** Exercise **
Would you copy only the lines below, beginning with the one that contains "激安販売 空気をきれいにする観葉植物 お部屋の空気をリフレッシュ" and running through the last entry line?

[Data to use]

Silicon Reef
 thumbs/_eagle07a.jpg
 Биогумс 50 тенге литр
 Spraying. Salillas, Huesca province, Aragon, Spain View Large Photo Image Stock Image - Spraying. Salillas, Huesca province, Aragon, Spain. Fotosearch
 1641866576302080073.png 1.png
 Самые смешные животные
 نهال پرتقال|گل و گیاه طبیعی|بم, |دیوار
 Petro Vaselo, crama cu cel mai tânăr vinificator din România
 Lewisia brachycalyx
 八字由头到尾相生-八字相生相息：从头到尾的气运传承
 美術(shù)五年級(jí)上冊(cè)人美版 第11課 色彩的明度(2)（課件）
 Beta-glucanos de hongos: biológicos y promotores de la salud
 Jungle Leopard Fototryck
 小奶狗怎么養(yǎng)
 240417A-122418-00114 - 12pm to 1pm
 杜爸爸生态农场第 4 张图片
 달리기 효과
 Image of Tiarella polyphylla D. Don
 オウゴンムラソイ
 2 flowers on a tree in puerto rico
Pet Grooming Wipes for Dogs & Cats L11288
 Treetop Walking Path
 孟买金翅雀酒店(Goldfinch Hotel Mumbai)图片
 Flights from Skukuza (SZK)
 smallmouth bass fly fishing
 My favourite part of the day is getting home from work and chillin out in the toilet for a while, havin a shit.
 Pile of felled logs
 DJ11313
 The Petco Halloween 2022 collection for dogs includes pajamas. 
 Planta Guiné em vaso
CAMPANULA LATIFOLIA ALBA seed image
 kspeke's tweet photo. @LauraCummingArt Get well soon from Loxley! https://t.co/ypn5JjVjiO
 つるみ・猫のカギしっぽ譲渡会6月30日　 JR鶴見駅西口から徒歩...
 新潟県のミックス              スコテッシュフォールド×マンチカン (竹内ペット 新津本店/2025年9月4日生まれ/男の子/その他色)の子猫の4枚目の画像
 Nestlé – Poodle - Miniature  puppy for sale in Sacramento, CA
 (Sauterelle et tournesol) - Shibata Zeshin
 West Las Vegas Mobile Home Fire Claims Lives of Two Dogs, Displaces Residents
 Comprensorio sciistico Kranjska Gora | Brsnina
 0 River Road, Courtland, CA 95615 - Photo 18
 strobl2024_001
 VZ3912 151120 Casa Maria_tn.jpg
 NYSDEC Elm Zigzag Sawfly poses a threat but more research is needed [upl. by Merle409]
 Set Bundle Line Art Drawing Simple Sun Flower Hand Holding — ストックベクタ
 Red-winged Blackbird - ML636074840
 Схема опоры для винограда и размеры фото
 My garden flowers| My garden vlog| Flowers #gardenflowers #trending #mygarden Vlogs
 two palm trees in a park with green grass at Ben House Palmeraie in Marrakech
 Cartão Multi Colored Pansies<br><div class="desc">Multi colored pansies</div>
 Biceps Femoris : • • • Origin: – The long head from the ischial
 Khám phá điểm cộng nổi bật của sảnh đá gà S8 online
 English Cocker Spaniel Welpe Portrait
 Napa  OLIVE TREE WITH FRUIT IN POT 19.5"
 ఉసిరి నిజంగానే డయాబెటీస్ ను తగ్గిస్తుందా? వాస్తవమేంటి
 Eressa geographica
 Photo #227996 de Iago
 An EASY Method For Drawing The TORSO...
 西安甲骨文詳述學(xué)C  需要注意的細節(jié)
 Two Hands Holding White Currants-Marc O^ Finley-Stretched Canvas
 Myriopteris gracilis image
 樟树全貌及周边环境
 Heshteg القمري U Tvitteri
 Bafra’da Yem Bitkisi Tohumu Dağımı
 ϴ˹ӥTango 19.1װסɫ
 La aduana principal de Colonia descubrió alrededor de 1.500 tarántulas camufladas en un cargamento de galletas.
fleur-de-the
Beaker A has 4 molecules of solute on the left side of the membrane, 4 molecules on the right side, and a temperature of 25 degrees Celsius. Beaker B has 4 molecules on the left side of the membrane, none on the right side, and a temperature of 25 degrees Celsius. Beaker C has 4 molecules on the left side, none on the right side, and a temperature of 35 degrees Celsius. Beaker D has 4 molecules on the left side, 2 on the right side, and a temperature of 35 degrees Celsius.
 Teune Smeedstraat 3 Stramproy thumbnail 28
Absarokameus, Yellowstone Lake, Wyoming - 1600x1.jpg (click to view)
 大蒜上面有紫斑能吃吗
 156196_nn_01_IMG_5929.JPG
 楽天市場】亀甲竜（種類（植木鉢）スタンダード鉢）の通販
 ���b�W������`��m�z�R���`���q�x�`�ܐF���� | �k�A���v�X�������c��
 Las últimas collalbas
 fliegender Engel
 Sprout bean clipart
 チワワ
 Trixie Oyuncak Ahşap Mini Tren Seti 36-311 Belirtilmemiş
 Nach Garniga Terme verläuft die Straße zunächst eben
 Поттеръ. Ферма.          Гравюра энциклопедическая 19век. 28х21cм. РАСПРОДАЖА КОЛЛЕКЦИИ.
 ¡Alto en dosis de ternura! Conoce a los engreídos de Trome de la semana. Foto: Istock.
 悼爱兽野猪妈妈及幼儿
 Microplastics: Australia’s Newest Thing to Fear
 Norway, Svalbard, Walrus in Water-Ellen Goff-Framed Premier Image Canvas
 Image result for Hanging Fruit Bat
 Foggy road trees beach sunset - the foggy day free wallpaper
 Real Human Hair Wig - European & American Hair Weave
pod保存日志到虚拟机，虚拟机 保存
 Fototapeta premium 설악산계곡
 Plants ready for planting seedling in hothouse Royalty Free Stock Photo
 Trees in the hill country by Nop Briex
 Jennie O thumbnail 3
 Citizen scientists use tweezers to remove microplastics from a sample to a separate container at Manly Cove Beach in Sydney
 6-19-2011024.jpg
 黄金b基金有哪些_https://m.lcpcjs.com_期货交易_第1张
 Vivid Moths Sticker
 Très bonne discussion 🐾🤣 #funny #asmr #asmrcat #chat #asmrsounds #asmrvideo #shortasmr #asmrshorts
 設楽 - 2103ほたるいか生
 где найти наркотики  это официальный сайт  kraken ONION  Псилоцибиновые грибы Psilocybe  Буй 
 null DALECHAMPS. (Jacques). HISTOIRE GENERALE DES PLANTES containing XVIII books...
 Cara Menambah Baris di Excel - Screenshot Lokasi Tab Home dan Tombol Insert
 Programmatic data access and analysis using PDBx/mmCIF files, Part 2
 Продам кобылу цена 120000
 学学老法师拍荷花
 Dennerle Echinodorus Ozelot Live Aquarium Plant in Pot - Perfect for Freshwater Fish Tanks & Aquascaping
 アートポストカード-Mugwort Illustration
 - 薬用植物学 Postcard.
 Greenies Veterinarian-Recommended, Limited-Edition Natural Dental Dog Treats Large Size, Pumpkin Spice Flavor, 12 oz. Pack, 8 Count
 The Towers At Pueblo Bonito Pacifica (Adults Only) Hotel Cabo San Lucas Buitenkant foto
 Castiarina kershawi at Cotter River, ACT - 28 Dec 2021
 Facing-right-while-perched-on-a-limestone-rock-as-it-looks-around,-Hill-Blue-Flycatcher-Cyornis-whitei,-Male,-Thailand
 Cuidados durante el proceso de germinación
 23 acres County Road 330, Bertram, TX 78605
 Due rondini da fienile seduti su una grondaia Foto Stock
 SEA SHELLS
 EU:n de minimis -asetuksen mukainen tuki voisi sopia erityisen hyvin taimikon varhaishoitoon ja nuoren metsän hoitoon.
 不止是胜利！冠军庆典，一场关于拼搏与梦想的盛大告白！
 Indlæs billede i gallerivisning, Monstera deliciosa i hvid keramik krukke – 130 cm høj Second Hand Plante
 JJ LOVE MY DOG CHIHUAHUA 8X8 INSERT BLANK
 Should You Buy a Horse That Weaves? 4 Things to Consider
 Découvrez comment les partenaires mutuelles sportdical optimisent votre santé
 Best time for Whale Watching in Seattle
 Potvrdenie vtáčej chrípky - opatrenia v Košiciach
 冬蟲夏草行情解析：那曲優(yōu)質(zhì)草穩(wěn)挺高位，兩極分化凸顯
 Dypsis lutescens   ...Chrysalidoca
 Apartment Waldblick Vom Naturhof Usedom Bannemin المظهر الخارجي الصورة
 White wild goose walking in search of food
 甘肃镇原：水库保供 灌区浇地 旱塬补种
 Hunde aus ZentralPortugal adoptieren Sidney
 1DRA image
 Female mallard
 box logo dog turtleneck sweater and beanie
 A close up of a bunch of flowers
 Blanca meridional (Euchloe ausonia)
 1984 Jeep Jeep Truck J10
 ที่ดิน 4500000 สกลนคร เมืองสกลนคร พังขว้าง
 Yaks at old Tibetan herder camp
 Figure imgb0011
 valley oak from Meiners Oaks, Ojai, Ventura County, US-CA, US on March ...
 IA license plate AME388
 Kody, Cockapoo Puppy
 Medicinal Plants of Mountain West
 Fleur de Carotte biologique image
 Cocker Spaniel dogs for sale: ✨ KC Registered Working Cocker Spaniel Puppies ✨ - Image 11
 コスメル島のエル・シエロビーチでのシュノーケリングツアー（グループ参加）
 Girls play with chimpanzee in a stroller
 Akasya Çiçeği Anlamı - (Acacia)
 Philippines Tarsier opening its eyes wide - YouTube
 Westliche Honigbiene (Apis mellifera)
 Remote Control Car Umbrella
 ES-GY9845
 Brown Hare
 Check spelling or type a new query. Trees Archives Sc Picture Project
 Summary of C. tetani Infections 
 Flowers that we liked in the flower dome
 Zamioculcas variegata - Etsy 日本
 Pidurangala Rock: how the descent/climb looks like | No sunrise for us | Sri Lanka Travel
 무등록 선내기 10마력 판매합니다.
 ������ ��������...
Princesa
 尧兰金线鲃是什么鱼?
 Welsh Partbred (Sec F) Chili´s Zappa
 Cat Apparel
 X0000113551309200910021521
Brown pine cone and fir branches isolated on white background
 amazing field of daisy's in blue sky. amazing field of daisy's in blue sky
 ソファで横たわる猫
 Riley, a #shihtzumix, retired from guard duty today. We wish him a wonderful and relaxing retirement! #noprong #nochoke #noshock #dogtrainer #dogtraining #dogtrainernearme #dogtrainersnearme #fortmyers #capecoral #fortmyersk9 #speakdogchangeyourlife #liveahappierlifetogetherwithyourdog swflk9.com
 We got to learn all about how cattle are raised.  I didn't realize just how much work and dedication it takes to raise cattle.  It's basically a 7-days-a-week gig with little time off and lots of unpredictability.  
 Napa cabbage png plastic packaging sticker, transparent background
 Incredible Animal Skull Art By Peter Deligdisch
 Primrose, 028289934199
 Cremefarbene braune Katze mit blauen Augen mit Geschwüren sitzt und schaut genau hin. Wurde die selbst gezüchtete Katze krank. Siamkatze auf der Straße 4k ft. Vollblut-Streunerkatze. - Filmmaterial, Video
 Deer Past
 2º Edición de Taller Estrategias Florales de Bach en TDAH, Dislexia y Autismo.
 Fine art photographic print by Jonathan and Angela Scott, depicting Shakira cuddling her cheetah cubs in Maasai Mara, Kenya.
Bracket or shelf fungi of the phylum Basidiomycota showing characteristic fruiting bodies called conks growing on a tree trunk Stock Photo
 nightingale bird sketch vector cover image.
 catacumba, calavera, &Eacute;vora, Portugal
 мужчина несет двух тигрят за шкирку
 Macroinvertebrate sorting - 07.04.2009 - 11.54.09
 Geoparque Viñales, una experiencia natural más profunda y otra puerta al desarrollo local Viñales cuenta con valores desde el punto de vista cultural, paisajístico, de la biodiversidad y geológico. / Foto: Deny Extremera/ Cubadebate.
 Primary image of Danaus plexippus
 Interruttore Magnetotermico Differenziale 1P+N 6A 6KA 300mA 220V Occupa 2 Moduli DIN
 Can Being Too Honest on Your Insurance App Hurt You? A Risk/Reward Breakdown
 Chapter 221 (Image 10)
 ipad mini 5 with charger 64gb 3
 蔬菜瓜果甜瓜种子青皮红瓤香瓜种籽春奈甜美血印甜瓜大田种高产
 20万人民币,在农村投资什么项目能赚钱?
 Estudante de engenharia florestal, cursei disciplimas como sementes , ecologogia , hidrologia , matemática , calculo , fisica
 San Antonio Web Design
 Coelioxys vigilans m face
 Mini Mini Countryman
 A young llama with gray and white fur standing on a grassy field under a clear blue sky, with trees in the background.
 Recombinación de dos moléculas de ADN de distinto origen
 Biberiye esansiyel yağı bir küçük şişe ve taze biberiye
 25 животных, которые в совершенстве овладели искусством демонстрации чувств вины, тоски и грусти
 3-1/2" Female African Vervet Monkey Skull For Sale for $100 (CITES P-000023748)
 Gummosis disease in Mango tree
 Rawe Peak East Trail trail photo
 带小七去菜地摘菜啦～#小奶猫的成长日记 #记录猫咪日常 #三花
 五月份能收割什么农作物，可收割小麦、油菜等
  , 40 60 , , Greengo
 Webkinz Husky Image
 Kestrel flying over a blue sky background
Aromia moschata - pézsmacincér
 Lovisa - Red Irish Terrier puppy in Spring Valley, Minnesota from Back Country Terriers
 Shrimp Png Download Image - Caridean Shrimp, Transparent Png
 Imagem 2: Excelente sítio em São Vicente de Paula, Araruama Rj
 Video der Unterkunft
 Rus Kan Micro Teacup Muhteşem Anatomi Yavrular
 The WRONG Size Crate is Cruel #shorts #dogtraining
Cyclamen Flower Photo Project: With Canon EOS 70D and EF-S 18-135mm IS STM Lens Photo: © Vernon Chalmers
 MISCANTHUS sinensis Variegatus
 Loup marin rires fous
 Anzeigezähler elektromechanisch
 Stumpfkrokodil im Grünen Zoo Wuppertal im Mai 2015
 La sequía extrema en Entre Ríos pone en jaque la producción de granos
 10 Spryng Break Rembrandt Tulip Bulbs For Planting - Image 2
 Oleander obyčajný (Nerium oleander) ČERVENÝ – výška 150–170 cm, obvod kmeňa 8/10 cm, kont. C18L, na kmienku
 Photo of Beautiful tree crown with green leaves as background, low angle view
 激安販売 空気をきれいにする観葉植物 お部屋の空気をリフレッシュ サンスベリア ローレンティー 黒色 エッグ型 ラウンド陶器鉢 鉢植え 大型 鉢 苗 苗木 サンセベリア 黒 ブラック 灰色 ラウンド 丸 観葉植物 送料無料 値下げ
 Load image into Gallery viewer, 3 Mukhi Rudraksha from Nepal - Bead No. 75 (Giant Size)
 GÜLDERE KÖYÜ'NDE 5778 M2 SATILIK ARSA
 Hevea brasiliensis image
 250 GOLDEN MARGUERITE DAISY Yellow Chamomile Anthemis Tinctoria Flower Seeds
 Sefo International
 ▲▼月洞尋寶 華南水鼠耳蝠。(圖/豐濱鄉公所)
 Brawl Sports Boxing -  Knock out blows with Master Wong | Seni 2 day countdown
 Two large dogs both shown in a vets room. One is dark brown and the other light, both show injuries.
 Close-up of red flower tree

[/Data to use]

** Result below **
 激安販売 空気をきれいにする観葉植物 お部屋の空気をリフレッシュ サンスベリア ローレンティー 黒色 エッグ型 ラウンド陶器鉢 鉢植え 大型 鉢 苗 苗木 サンセベリア 黒 ブラック 灰色 ラウンド 丸 観葉植物 送料無料 値下げ
 Load image into Gallery viewer, 3 Mukhi Rudraksha from Nepal - Bead No. 75 (Giant Size)
 GÜLDERE KÖYÜ'NDE 5778 M2 SATILIK ARSA
 Hevea brasiliensis image
 250 GOLDEN MARGUERITE DAISY Yellow Chamomile Anthemis Tinctoria Flower Seeds
 Sefo International
 ▲▼月洞尋寶 華南水鼠耳蝠。(圖/豐濱鄉公所)
 Brawl Sports Boxing -  Knock out blows with Master Wong | Seni 2 day countdown
 Two large dogs both shown in a vets room. One is dark brown and the other light, both show injuries.
 Close-up of red flower tree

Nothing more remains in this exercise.